"Yes, I noted it as we came this way in the morning."
"Will it be safe to go out and search for food?" asked the girl.
"We shall have to take the chance," he replied. "We must eat and we cannot find food at night. We shall have to go together, Fou-tan, as I cannot risk leaving you alone for a moment."
As King and Fou-tan left their hiding-place and started down the gorge toward a place where they could clamber out of it into the forest in search of food, a creature at the summit of the cliff upon the opposite side of the stream crouched behind a low bush and watched them. Out of small eyes, deep-set beneath a mass of tangled hair, the creature watched every movement of the two; and when they had passed, it followed them stealthily, stalking them as a tiger might have stalked. But this was no tiger; it was a man—a huge, hulking brute of a man, standing well over six-feet-six on its great flat feet. Its only apparel was a G string, made from the skin of a wild animal. It wore no ornaments, but it carried weapons—a short spear, a bow, and arrows.

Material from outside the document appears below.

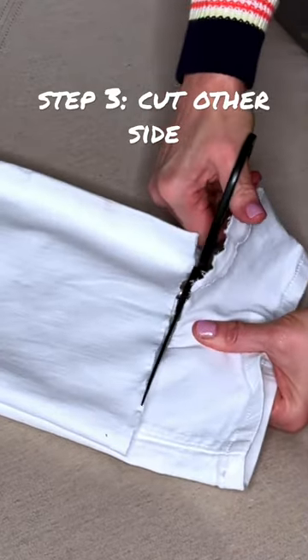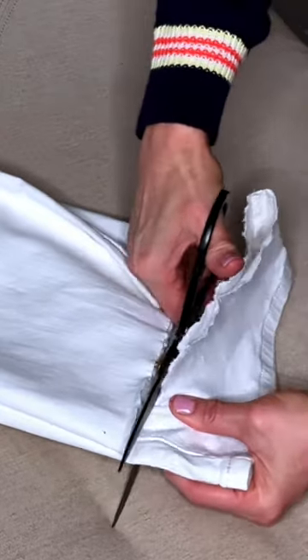Flip over your jeans and cut the other side. Pull a thread and you have a new pair of frayed hem jeans.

The jungle lore that the American had learned under the tutorage of Che stood him in good stead now, for it permitted him quickly to locate edible fruit and tubers without waste of time and with a minimum of effort. Fou-tan, city-bred, had but a hazy and most impractical knowledge of the flora of the jungle. She knew the tall, straight teak standing leafless now in the dry season and the India-rubber tree; and with almost childish delight she recognised the leathery laurel-like leaves of the tree from whose gum resin gamboge is secured; the tall, flowering stems of the cardamon she knew too; but the sum total of her knowledge would not have given sustenance to a canary in the jungle. It was therefore that King's efficiency in this matter filled her with awe and admiration. Her dark eyes followed his every move; and when he had collected all of the food that they could conveniently carry and they had turned their steps back toward their hiding-place, Fou-tan was bubbling over with pride and confidence and happiness. Perhaps it was as well that she did not see the uncouth figure hiding in the underbrush as they passed.

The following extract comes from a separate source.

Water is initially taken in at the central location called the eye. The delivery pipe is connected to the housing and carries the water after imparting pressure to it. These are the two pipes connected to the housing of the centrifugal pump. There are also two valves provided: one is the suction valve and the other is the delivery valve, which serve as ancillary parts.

Back in their retreat they partially satisfied their hunger with such of the food as did not require cooking. "To-night we can have a fire," said King, "and roast some of these tubers. It would not be safe now, for the smoke might be seen for a considerable distance; but at night they will not be searching for us, and the light of a small fire will never escape from this gorge."
After they had eaten, King took his spear and walked down to the stream where he had seen fish jumping. He was prompted more by a desire to pass away the time than by any hope of success in this piscatorial adventure, but so numerous were the fish and so unafraid that he succeeded in spearing two with the utmost ease while Fou-tan stood at his elbow applauding him with excited little exclamations and squeals of delight.

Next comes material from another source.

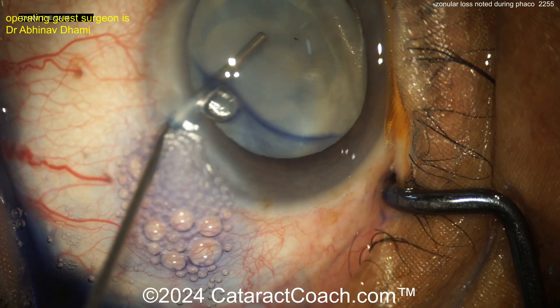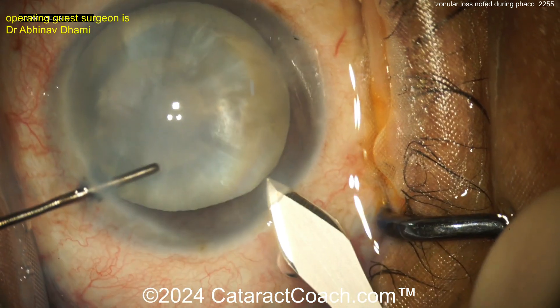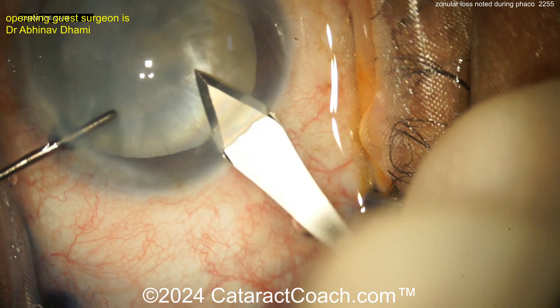Let's use less trypan blue dye. Now viscoelastic fill and let's see the main incision. All looks pretty good.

King had never been any less sensitive to the approbation of the opposite sex than any other normal man, but never, he realised, had praise sounded more sweetly in his ears than now. There was something so altogether sincere in Fou-tan's praise that it never even remotely suggested adulation. He had always found her such an altogether forthright little person that he could never doubt her sincerity.
"Now we shall have a feast," she exclaimed, as they carried the fishes back into their grotto. "It is a good thing for me that you are here, Gordon King, and not another."
"Why, Fou-tan?" he asked.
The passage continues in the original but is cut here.